> [COLLECTED DATA]:
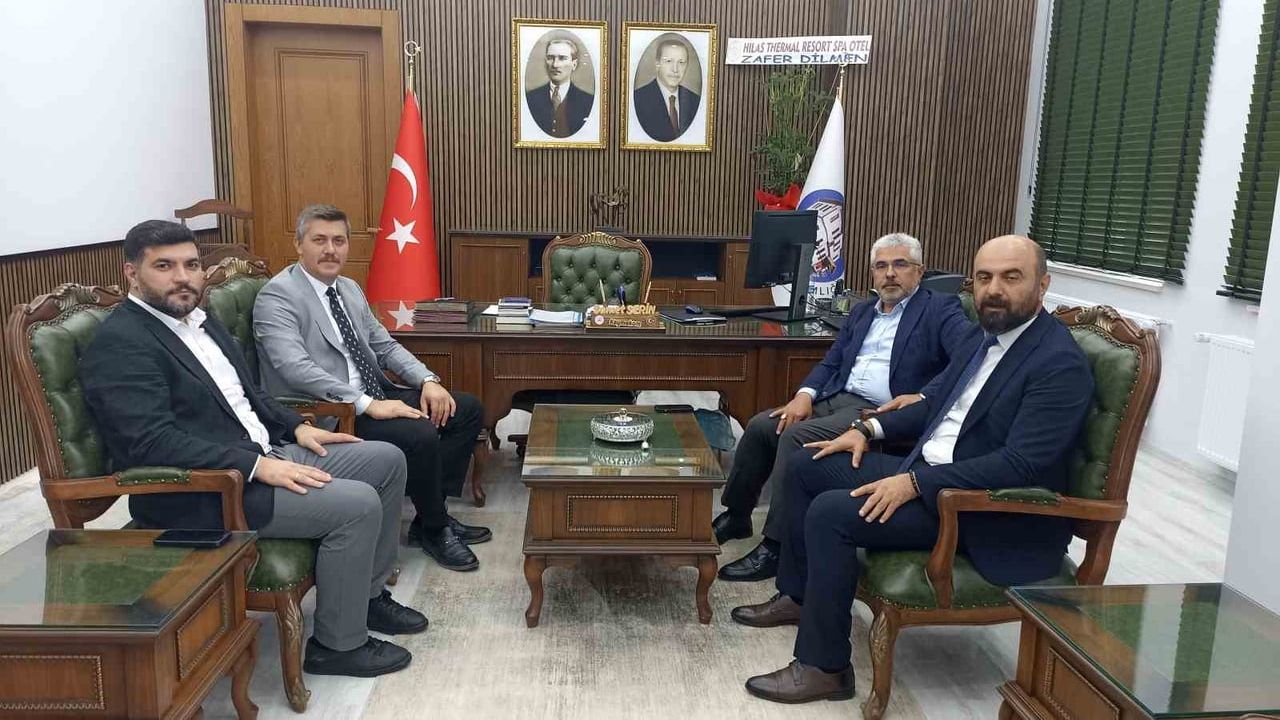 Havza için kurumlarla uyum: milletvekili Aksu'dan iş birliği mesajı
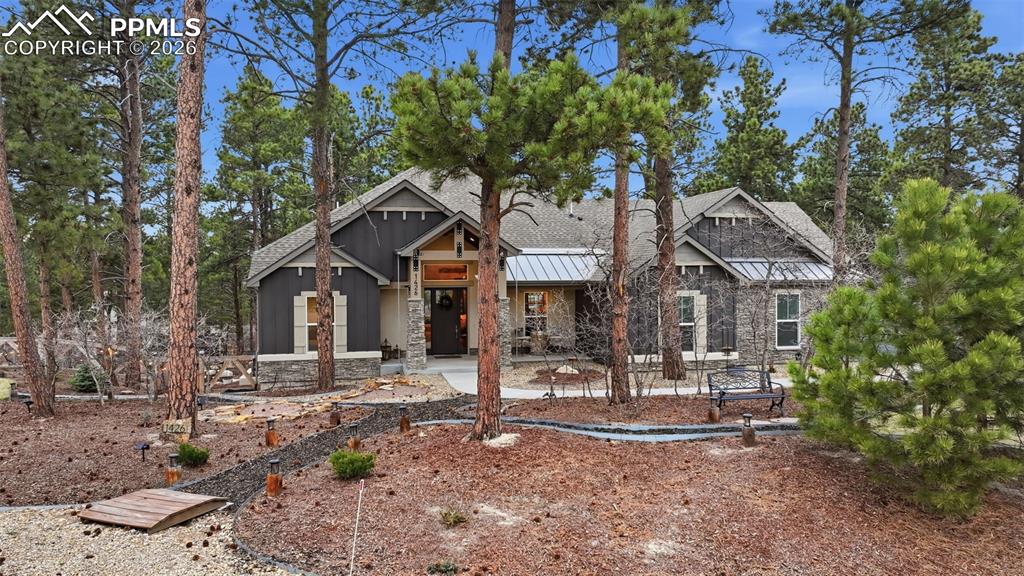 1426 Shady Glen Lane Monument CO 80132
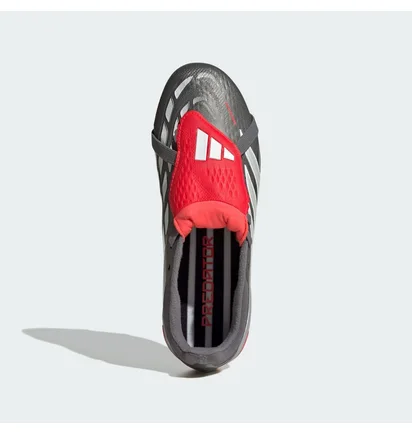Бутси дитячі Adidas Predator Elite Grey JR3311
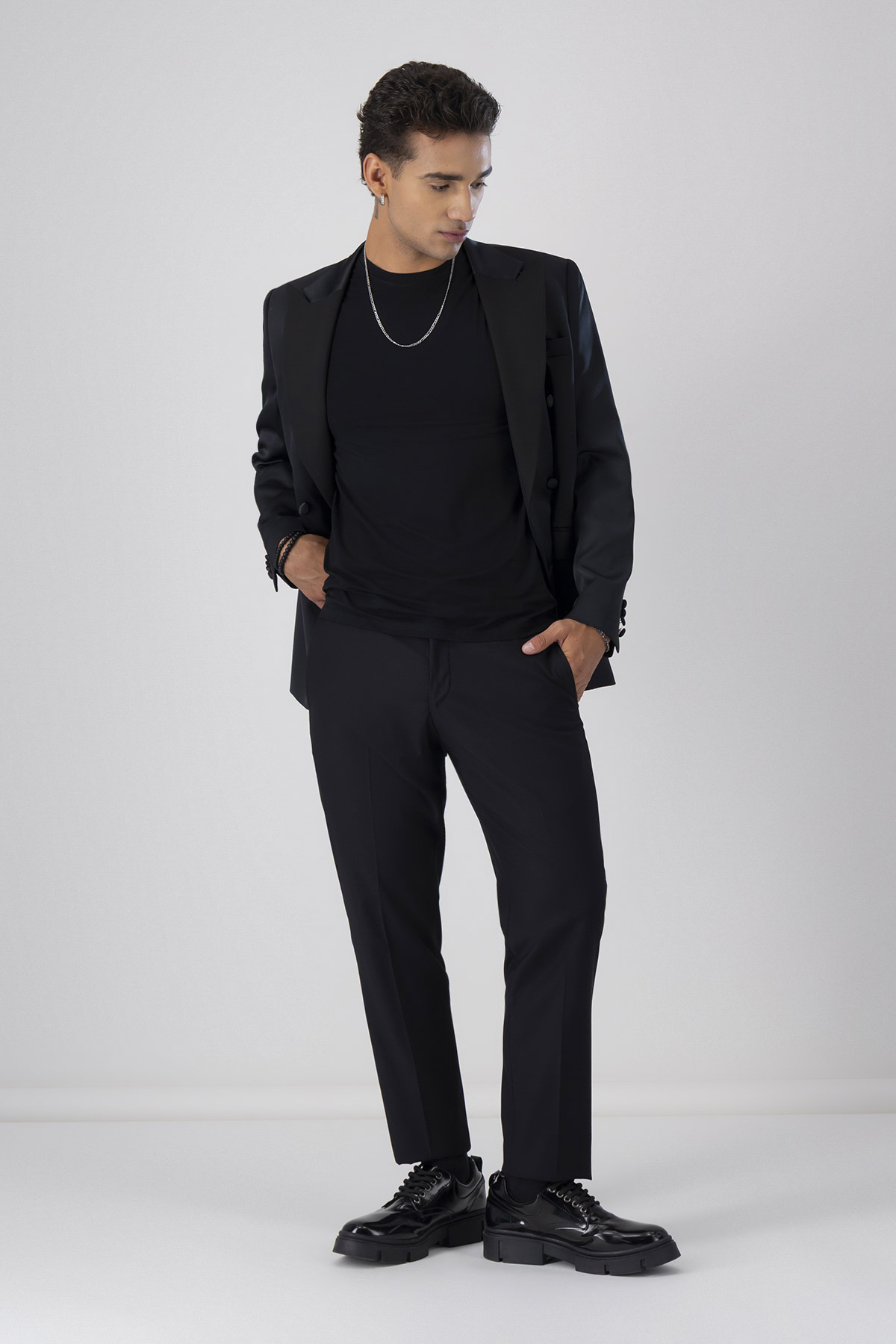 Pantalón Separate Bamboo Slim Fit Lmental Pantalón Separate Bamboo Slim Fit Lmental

> [PROBLEM DETAILS]:
All that the answer may contain is the exact text of the lines from the one with "1426 Shady Glen Lane Monument CO 80132" through the last line of the material, pictures excluded.

> [FINISHED EXERCISE]:
 1426 Shady Glen Lane Monument CO 80132
Бутси дитячі Adidas Predator Elite Grey JR3311
 Pantalón Separate Bamboo Slim Fit Lmental Pantalón Separate Bamboo Slim Fit Lmental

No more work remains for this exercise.